Recorded information -

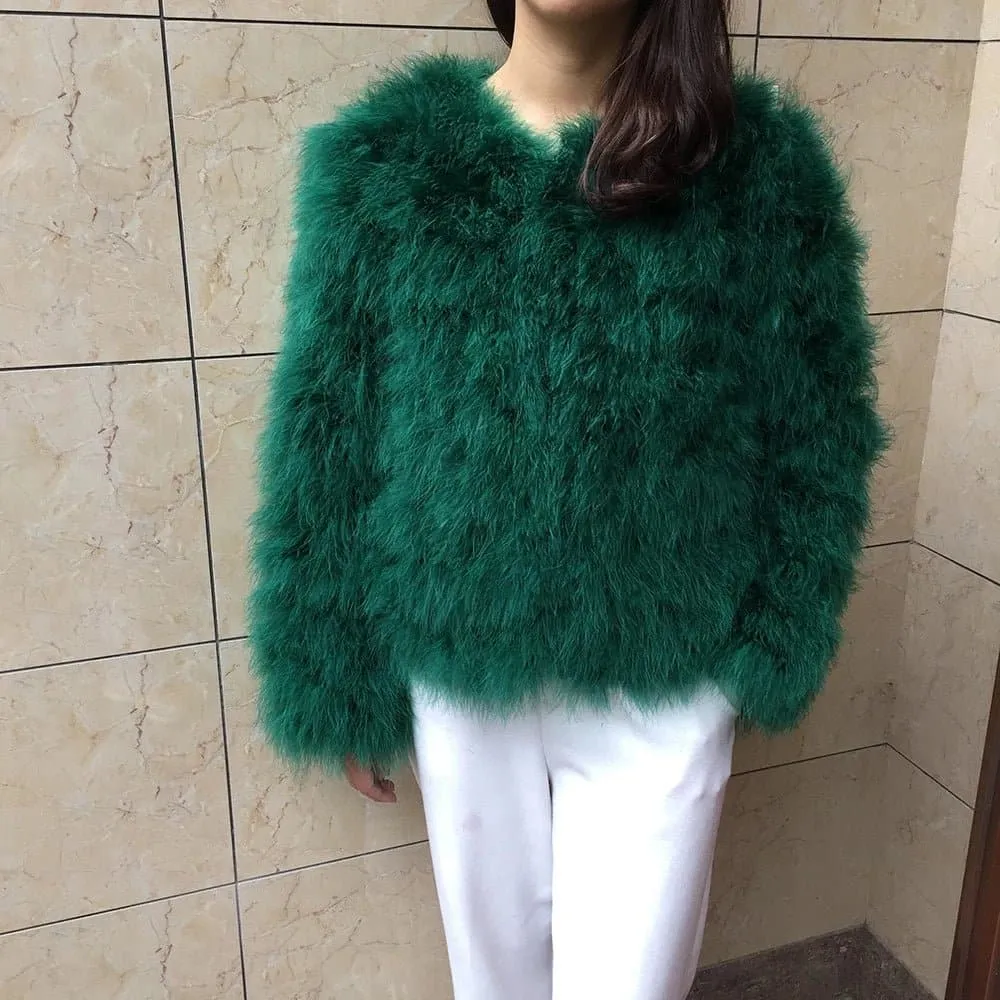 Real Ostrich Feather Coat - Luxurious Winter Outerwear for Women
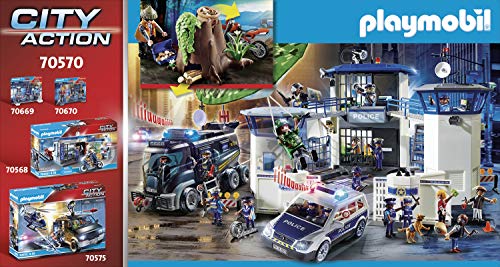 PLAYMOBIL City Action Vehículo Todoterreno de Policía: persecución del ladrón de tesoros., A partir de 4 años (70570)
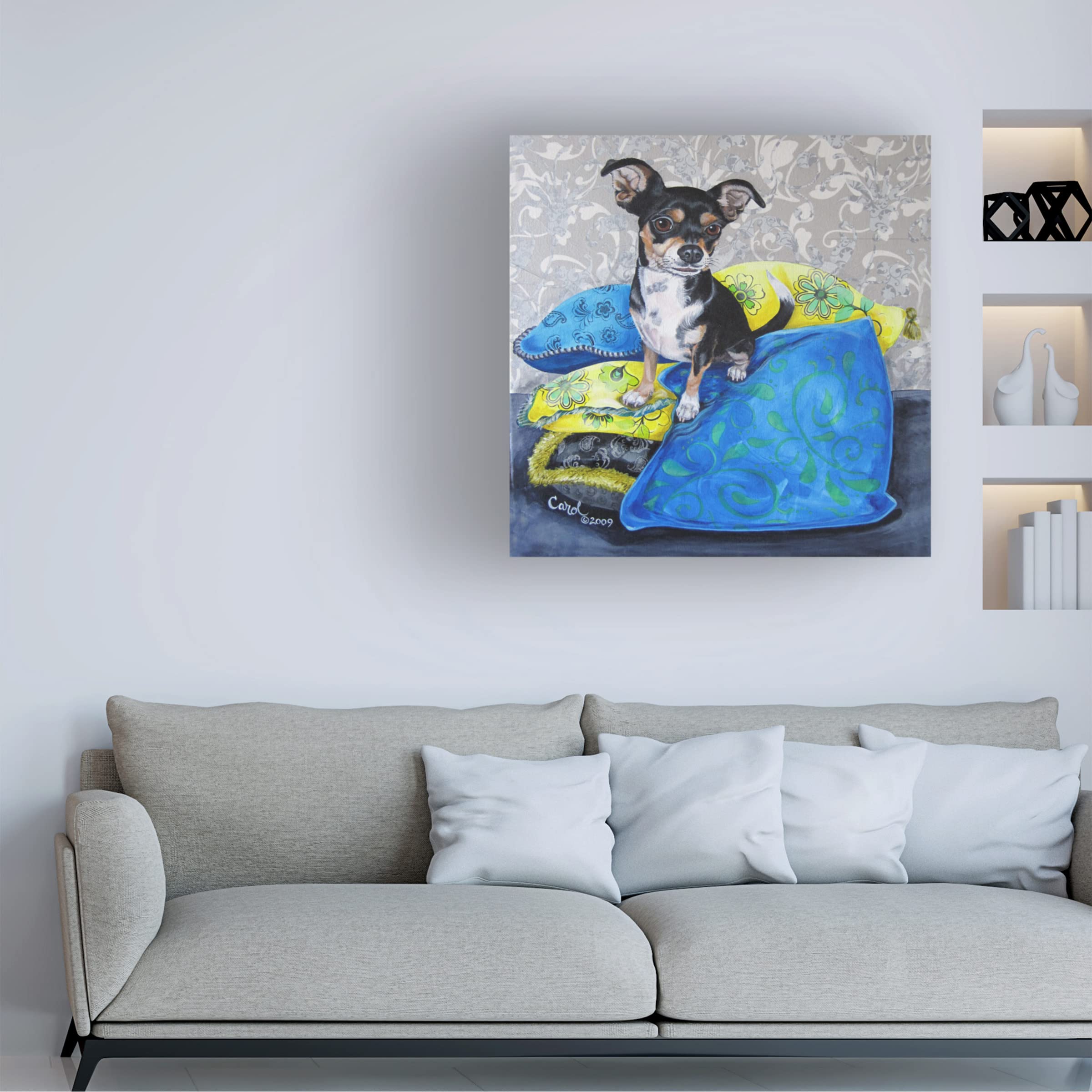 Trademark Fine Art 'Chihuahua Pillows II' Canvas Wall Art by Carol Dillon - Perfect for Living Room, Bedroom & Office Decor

What is expected - Repeat the material above word for word and skip every image in it.

Completed task -
 Real Ostrich Feather Coat - Luxurious Winter Outerwear for Women
 PLAYMOBIL City Action Vehículo Todoterreno de Policía: persecución del ladrón de tesoros., A partir de 4 años (70570)
 Trademark Fine Art 'Chihuahua Pillows II' Canvas Wall Art by Carol Dillon - Perfect for Living Room, Bedroom & Office Decor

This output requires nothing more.